## What you will do
Go through the entries below and copy each line that holds the word "Patient".

[Records drawn from a dataset]
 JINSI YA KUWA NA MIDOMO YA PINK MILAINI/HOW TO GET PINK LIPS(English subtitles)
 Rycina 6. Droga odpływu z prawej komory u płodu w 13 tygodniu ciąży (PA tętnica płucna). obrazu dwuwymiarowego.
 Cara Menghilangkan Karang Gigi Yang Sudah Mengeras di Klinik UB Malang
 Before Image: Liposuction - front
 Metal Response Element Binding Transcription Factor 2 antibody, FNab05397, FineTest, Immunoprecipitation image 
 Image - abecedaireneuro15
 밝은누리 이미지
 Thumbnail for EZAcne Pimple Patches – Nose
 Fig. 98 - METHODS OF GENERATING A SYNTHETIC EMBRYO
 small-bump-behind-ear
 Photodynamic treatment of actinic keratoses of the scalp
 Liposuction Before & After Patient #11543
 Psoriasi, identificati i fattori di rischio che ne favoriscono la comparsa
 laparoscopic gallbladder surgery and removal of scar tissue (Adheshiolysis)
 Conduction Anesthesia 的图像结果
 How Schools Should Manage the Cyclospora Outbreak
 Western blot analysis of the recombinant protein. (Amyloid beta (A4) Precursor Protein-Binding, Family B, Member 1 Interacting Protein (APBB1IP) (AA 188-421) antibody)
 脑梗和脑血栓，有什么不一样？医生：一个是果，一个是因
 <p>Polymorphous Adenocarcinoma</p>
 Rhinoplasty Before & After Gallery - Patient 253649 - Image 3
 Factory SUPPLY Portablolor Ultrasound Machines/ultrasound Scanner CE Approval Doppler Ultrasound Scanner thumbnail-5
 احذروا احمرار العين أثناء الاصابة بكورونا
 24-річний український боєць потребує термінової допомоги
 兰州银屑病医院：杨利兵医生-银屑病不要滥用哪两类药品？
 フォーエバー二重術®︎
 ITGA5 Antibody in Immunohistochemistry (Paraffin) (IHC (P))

## Answer for this exercise
 Liposuction Before & After Patient #11543
 Rhinoplasty Before & After Gallery - Patient 253649 - Image 3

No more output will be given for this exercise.